Upon the announcement, Democrats in the state senate unanimously endorsed Sen. Bill Ferguson (D-Baltimore City) to rise to the role of senate president. Since Democrats have a large majority in the legislative body, their endorsement effectively marks the selection of its next leader.

Along with a new era that follows Miller’s tenure as the longest-serving president in the body’s history, Ferguson’s ascension marks a number of shifts for the leadership post. While Miller was from Prince George’s County, Ferguson is from Baltimore — specifically District 46, which includes the city’s Inner Harbor, south and southeastern neighborhoods. And at 36 years old, he is 40 years younger than Miller.
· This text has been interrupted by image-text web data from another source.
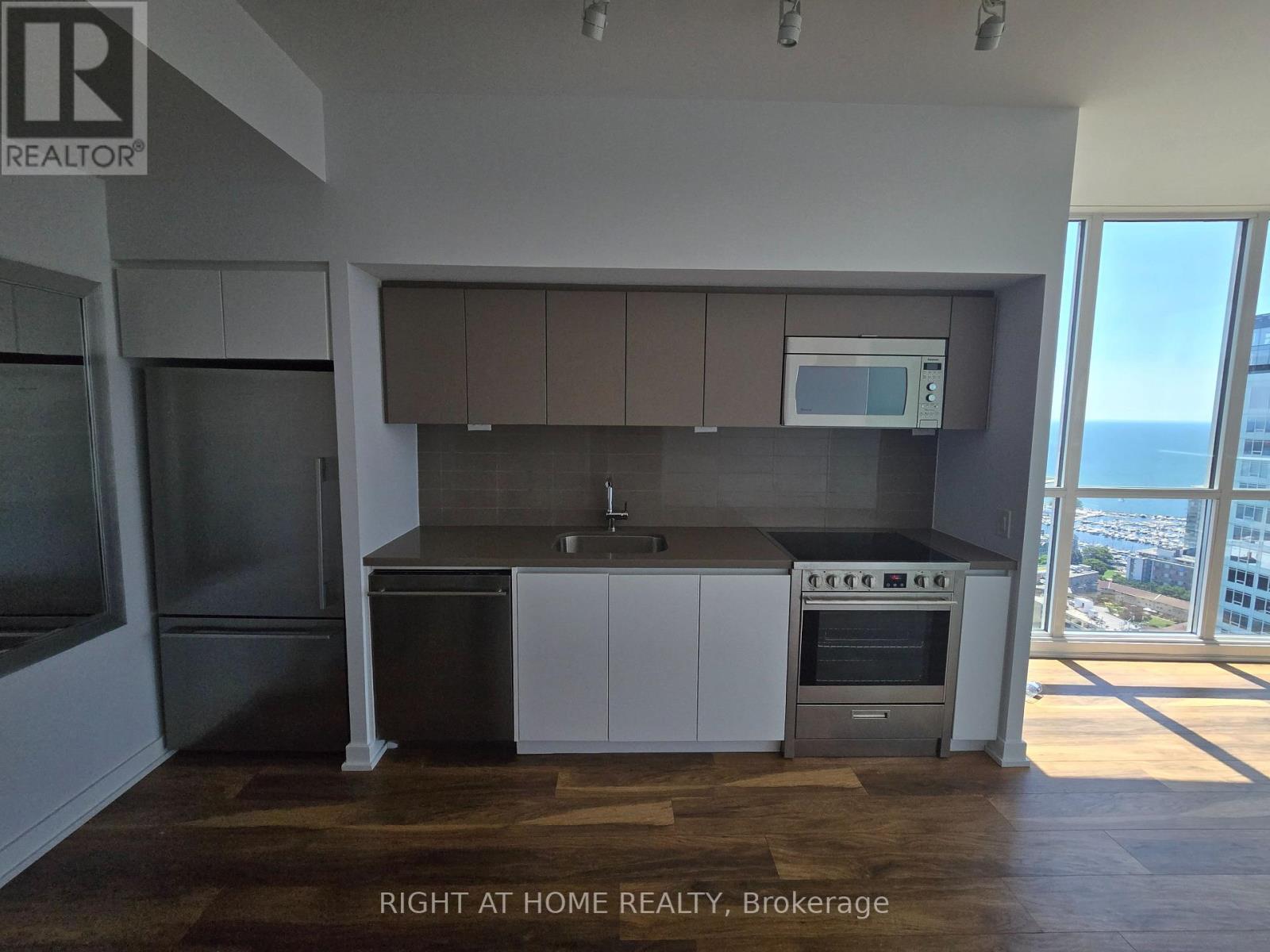 4708 - 75 Queens Wharf Road, Toronto, Ontario  M5V 0J8 - Photo 24 - C12573982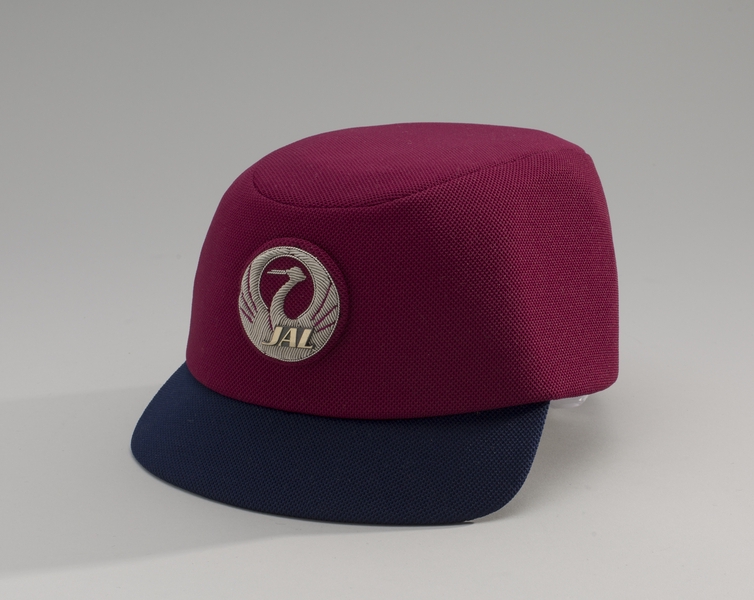 Image: female gate agent hat: Japan Air Lines
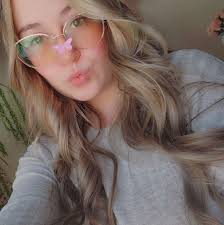 Well should I be preparing for heartbreak, 3 1/2 weeks old. Sold to me as  bym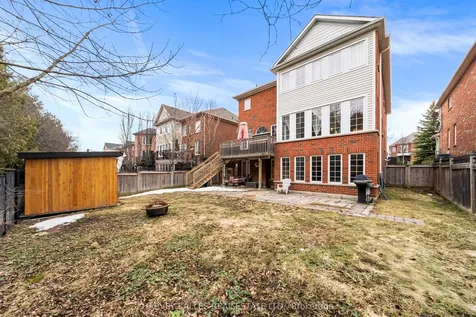 86 Rockland Crescent Whitby ON L1M 0A9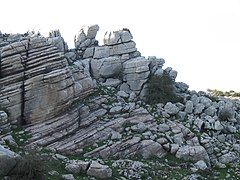 Chinh phục những thử thách trên núi đá vôi tại khu bảo tồn thiên nhiên Torcal de Antequera ở Málaga, Tây Ban Nha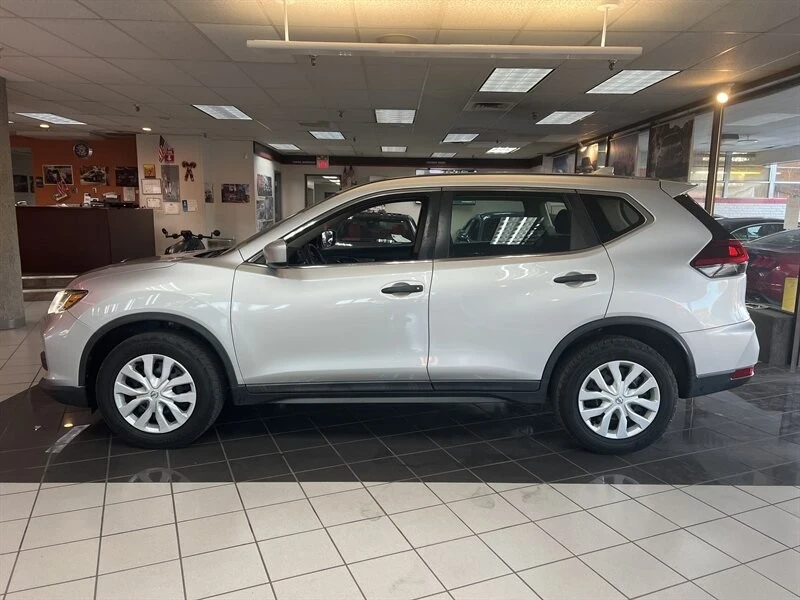 2019 Nissan Rogue - Image 2 of 4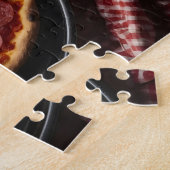 Puzzle Pizza dans la casserole sur la table (Côté)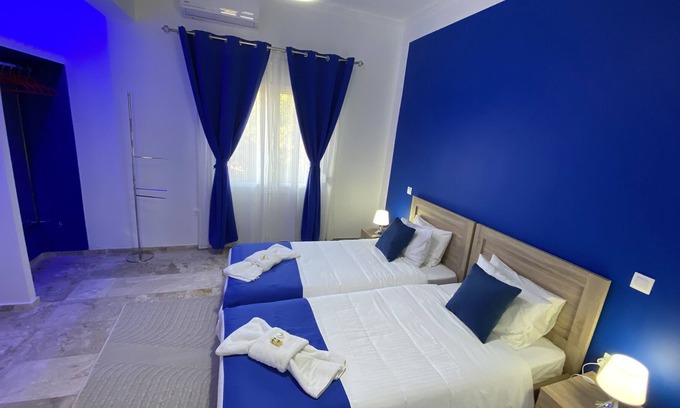 Paralia Appartement | Patras Blue Suite - ground floor apartment with all the necessary amenities.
“Over the last 8 years, Senator Ferguson has been a fervent advocate for the City of Baltimore, and a dedicated public servant to the residents of Maryland’s 46th District,” Mayor Bernard C. “Jack” Young said in a statement.

Ferguson became a public school teacher in the city upon moving to Baltimore as a Teach for America fellow, and was the youngest member of the Senate ever to be elected on his first election at age 27.

While he’s been a strong advocate on a variety of issues and increasingly taken on leadership roles that cross all constituencies, his attention to technology policy and willingness to work with the tech community has caught our eye over the years. After all, if a legislator proposes a bill on GIS open data, we’re likely to take note.

In the years following his election, Ferguson became “something of a darling of Baltimore city’s tech community,” Technical.ly reported in 2014.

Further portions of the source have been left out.